Veolia has commissioned a ‘deep study’ of the UK’s capacity because existing data gives widely conflicting estimates, according to executive vice-president UK and Northern Europe Estelle Brachlianoff.
Academics at Imperial College London are expected to produce a report on the matter by the end of 2013, Brachlianoff told MRW.
The study was prompted by the ongoing debate on whether the UK will have enough infrastructure to process waste arisings in the future.
A recent report produced by consultancy Ricardo-AEA for the Chartered Institution of Wastes Management suggested that the UK would be facing a potential capacity gap of 15.3 million tonnes by 2020.

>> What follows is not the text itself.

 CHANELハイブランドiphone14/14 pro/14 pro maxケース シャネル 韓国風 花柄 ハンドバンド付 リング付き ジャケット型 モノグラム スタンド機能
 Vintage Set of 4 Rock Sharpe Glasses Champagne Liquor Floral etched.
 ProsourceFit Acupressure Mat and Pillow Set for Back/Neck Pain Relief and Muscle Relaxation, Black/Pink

Earlier this year, Eunomia, another leading consultancy in the waste sector, concluded that in 2020 there would be potentially some 12 million tonnes capacity in excess as a result of new facilities coming online.

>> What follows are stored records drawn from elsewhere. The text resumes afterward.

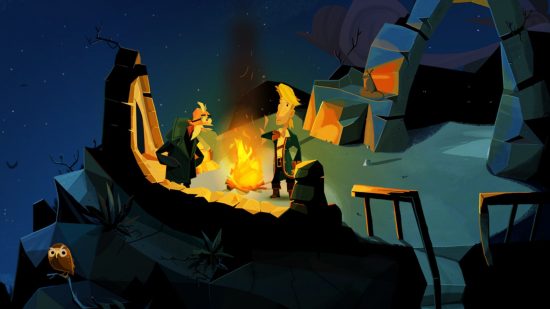 point and click games - Two characters sat at a campfire on a cliff in Return To Monkey Island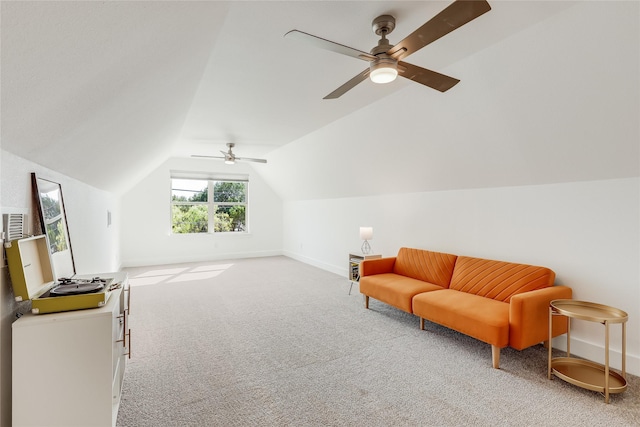 bonus room featuring carpet floors, lofted ceiling, and ceiling fan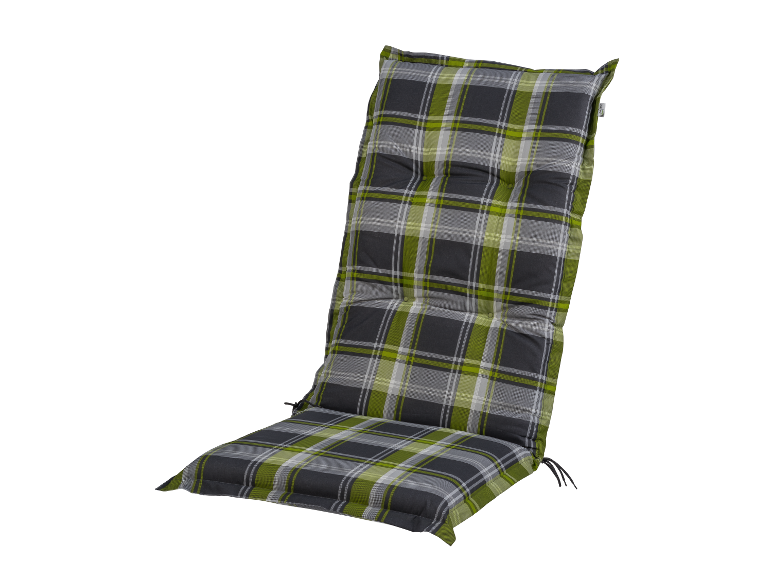 Coussin de jardin à carreaux verts et gris.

Brachlianoff said she was “fed up” with the debate so she had commissioned an academic research for a “deeper study on data”.
“We don’t think there is going to be overcapacity in the next years, otherwise we wouldn’t be building any capacity ourselves,” she said.

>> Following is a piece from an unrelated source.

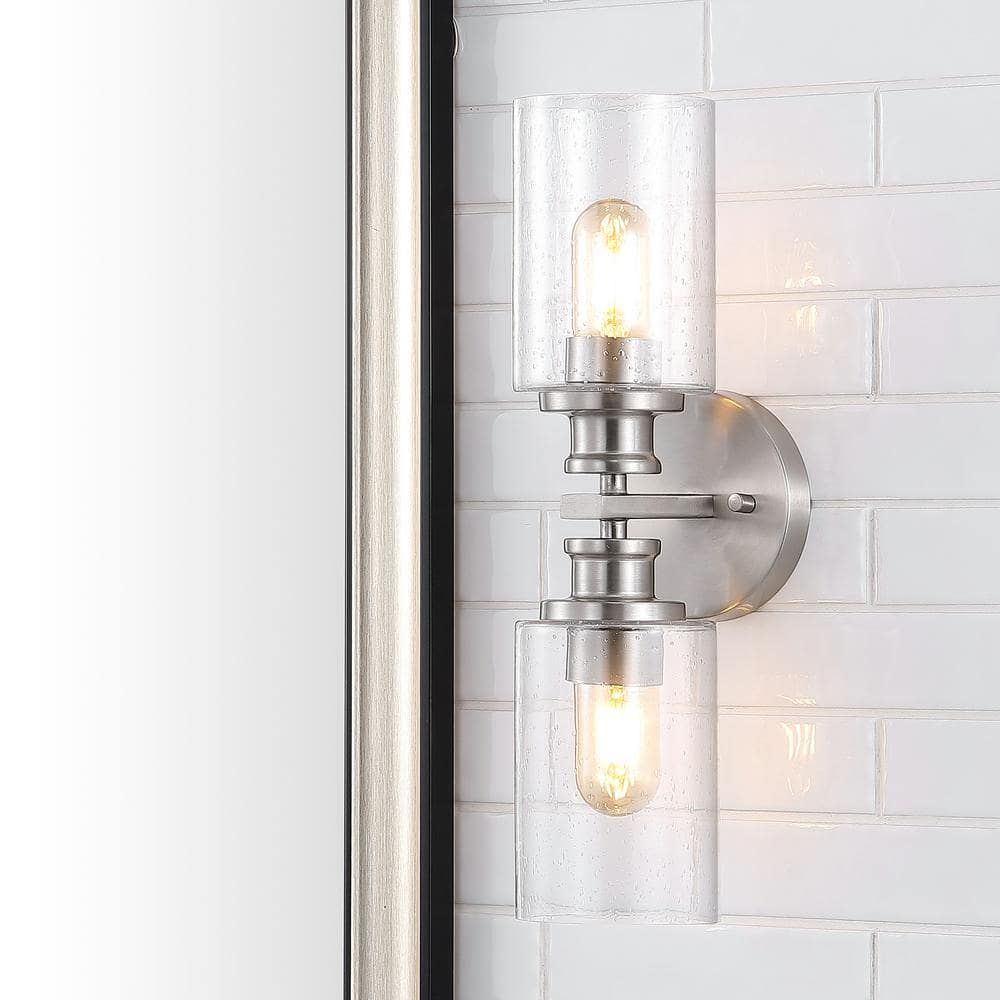 Nickel Cylinder 2-Light LED Vanity Wall Sconce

“We are fully at risk; it is our money, we are putting it where we think there is still some need.”
Brachlianoff noted that Veolia had invested £1.2bn in the UK’s waste management infrastructure since 1990, and would invest a further £1bn in recycling and recovery over the next six years.
However, she pointed out Veolia would not be investing in new merchant anaerobic digestion (AD) infrastructures as it believed there were already “too many [AD] projects on the table”.